3▪︎Taş Duvar

1.3K 74 12
                                    

Konuşmanın ardından Mileva daireden çıktı. Sonunda yıllarını feda ederek aldığı eğitimin meyvelerini görecekti. Heyecanla hareme girdiğinde beklemediği o görüntüyle karşılaştı. Kim neden böyle bir şey yapmıştı?

Taşlıkta büyük bir koşuşturmaca vardı. Kalfalar ellerinde kumaşlarla bir hatunu özene bezene hazırlıyordular. Hazırlanan hatunun yanına gittiğimde onu masmavi bir kaftan içerisinde gördüm. Koyu siyah dalgalı saçları, iri gözleri ile hünkarı kendine meftun edecek güzellikteydi. Geniş omuzları başına taçla tutturulmuş tül ile kapatılmıştı. Uzun göğüs dekoltesiyle kendi bedenini hünkara sunuyordu adeta.

Üzerimdeki beyaz kaftana baktım. Geldiğimden beri cariyelerle aynı giyinirdim. Benimde onlardan farkım yoktu lakin bu hatunun giydiği kumaş kadar kaliteli kaftan giymemiştim.

"Hatun ayak altında dolanma, Git idana yerleş!"

"Afife Kalfa, ne diye bu hatun hazırlanır? Hünkarımız bu gece tekrar beni buyurmuş idiler. Ben gideceğim Has Odaya!"

"Şşh bilirim lakin öyle olmaz tek hatun ile halvet olacaksa harem ne diye var? Geç odana ne edeceksen et! Burası oyun yeri değil."

"Ama kalfam-" gözlerini açarak sertçe kolumu kavradı. Büyük eliyle baskı uygulayarak canımı yakmaya başladı.

"Kes sesini dedim. Valide Sultanımız senden emir mi alacak ne densizlik böyle!? Çocukça haraket etme yoksa seni zindana atarım ne has oda görürsün nede hünkar." Kolumu çekip eteklerimi tutarak merdivenlere geçtim. Dolu gözlerimle hareme baktım. Ayakkabılarımı çıkardım. Taş duvarlara tutunarak Hünkar Gözdeleri katına çıktım. Daireme girdikten sonra kapıyı sertçe kapatarak kilitledim. Perdelerini kapattım. İçerideki mumları tek tek yaktım. Yere oturup haç kolyemi elime aldım.
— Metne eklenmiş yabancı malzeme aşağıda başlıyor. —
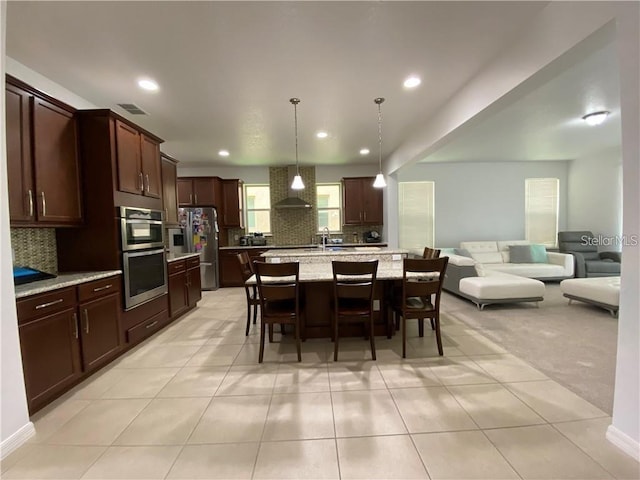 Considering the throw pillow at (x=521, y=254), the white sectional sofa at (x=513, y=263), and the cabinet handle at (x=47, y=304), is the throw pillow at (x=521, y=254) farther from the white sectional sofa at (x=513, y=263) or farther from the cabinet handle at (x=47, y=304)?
the cabinet handle at (x=47, y=304)

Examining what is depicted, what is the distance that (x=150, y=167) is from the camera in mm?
3438

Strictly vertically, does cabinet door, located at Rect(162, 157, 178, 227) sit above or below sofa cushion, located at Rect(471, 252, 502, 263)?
above

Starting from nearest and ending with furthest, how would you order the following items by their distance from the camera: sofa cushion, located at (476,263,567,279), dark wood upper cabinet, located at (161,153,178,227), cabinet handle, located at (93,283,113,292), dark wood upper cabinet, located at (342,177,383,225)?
cabinet handle, located at (93,283,113,292) → dark wood upper cabinet, located at (161,153,178,227) → sofa cushion, located at (476,263,567,279) → dark wood upper cabinet, located at (342,177,383,225)

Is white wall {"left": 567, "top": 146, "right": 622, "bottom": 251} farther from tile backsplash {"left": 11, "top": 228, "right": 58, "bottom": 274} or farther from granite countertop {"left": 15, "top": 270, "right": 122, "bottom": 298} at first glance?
tile backsplash {"left": 11, "top": 228, "right": 58, "bottom": 274}

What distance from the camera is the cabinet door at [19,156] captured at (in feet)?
6.78

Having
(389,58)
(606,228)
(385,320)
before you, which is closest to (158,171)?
(389,58)

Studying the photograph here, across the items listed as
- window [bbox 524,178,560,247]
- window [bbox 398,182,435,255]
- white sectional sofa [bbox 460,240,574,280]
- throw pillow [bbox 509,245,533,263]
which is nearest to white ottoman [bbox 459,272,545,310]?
white sectional sofa [bbox 460,240,574,280]

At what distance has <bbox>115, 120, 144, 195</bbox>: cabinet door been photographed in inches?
113

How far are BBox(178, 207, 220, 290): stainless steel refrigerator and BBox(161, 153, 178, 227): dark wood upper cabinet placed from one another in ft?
4.58

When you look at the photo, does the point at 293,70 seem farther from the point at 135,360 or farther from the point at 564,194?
the point at 564,194

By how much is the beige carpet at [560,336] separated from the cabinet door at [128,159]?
166 inches

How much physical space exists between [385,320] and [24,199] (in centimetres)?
338

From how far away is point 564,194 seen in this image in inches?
274

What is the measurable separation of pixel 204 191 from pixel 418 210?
16.1 ft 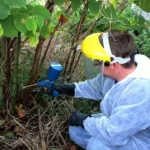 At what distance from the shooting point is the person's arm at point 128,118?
2072mm

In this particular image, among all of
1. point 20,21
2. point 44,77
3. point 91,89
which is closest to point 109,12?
point 20,21

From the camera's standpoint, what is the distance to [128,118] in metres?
2.10

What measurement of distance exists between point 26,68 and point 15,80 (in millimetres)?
382

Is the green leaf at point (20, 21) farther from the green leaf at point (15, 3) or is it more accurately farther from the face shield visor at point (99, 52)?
the face shield visor at point (99, 52)

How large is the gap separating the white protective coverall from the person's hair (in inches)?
4.2

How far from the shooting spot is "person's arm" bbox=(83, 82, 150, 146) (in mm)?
2072

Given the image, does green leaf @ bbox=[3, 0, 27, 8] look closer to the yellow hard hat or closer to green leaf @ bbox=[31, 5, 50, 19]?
green leaf @ bbox=[31, 5, 50, 19]

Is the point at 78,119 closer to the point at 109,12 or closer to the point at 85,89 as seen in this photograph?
the point at 85,89

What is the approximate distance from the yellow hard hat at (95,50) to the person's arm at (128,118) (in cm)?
28

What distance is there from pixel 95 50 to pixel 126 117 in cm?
48

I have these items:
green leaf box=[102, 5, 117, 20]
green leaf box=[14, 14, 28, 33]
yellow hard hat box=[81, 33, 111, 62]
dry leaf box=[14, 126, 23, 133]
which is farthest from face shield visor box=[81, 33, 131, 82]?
dry leaf box=[14, 126, 23, 133]

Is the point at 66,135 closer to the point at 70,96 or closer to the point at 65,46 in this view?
the point at 70,96

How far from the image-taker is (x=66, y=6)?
2.58 meters

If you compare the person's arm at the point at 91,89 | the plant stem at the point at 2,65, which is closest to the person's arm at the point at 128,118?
the person's arm at the point at 91,89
"Meryem Ana senlp bana yardım et..."

...

▪︎Gevher Sultan▪︎

Son hadiseden sonra yataktan kalkmamış tüm gün öylece yatmıştım. Hakim kadın arada gelip kontrollerini yapmıştı. Belim ve bacaklarım ağrıdığından yatağın kenardaki demirlerine tutunarak ayaklandım. Sehpaya doğru eğilirken dairemin kapıları açılmış içeri Sanavber Kalfa girmişti. Korkuyla açılan gözleriyle yanıma geldi. "Aman Sultanım dikkat edin beni çağıraydınız yardım edeyim size." Şişeyi elimden alıp tekrar yatağa yatmıştım. Bardakla geri döndüğünde dolabımdan ilaçlarımı ve şifalı otları çıkarmıştı.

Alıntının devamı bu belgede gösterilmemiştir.